Stereo Microscope Price
A basic stereo microscope starts from around $79, but the price range changes if you add features, and at the high end a Stereo Fluorescence Microscope can cost upwards of $23,000.
Best Stereo Microscopes
Here we go over our top picks for each type of Stereo Microscope.
Best Stereo Microscope for Hobbyists and Education
The ACCU-SCOPE EXS-210 Stereo Microscope represents excellent value and ease of use. It offers sharp images, rechargeable LED illumination, and effortless focusing. The stand is sturdy and has a built-in handle for easy portability. This is a great choice for students of all levels and light industrial inspections.
Best Stereo Microscope for Advanced Applications
The Meiji EM-60 Binocular Stereo Zoom Microscope consists of a 10" pole stand, 360° rotatable head, and 16" dual arm LED illumination. It offers 7x-45x magnification with a zoom ratio of 6.4:1 and working distance of 100mm (4"). The flexible design and quality construction makes this microscope a great choice for a variety of applications.
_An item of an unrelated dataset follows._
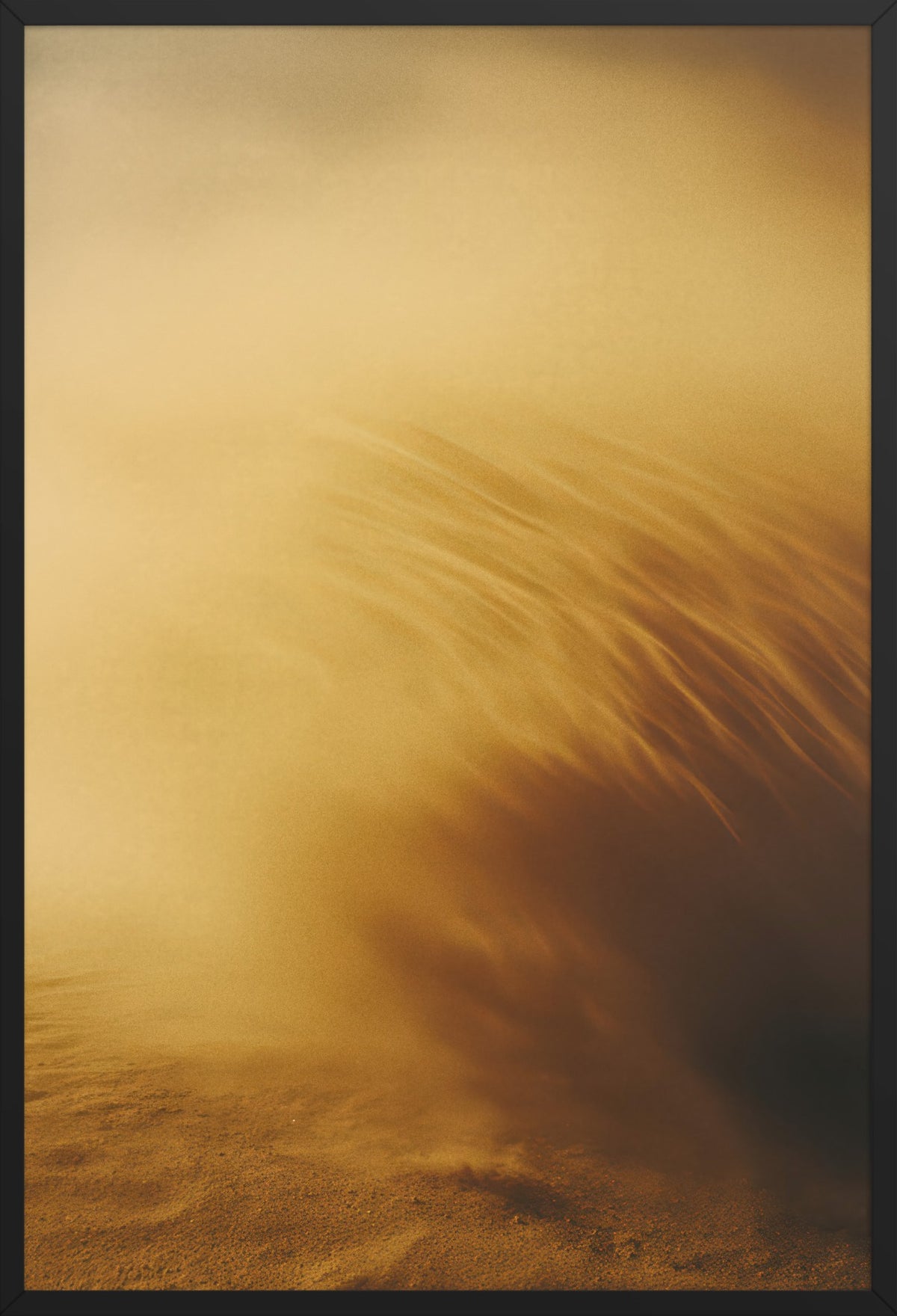 Desert Breath — poster in a black frame, front view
Best Stereo Microscope for Live Video
For live video and image capture, the Scienscope SSZ-II Stereo Zoom Microscope is a cost-effective solution. The microscope features a dual arm boom stand, 1080p HDMI/USB camera, high intensity LED ring light, and 23" HD monitor. Every component is designed for high performance and durability.
Stereo Microscope FAQ’s
Here are some common questions you may also have when buying a stereo microscope:
Stereo Microscope vs Compound Microscope
The difference between a stereo and compound microscope comes down to magnification level and sample type. A compound microscope is usually used for samples that you can’t see with the naked eye, displayed on a slide. Whereas a stereo microscope tends to use a large sample that’s often opaque, and is used to see 3D objects in more detail.
What is the smallest thing a stereo microscope can see?
You can achieve a magnification of 400x if you configure a stereo microscope the right way.
How does magnification work with a Stereo microscope?
There are two types of magnification systems in a stereo microscope, Fixed and Zoom.
Fixed magnification is achieved using a paired set of objective lenses with a set degree of magnification.
Zoom magnification is capable of a continuously variable degree of magnification across the set range of the microscope.
You can also adjust magnification by changing the microscope eyepiece.
What magnification do you need on a stereo microscope to see bacteria?
To see bacteria on a stereo microscope you need to achieve a 400x level of magnification.
What kind of lenses does a stereo microscope use?
A stereo microscope consists of the ocular lens (the eyepiece that you look through), and the objective lens (the main optical lens that’s closest to the sample).
What are the limitations of a stereo microscope?
The main limitation of a stereo microscope is the low level of magnification when compared to a compound microscope.
Can I take a picture through a stereo microscope?
If you have a stereo microscope that can connect to a microscope camera than it can be used to take a picture of your sample.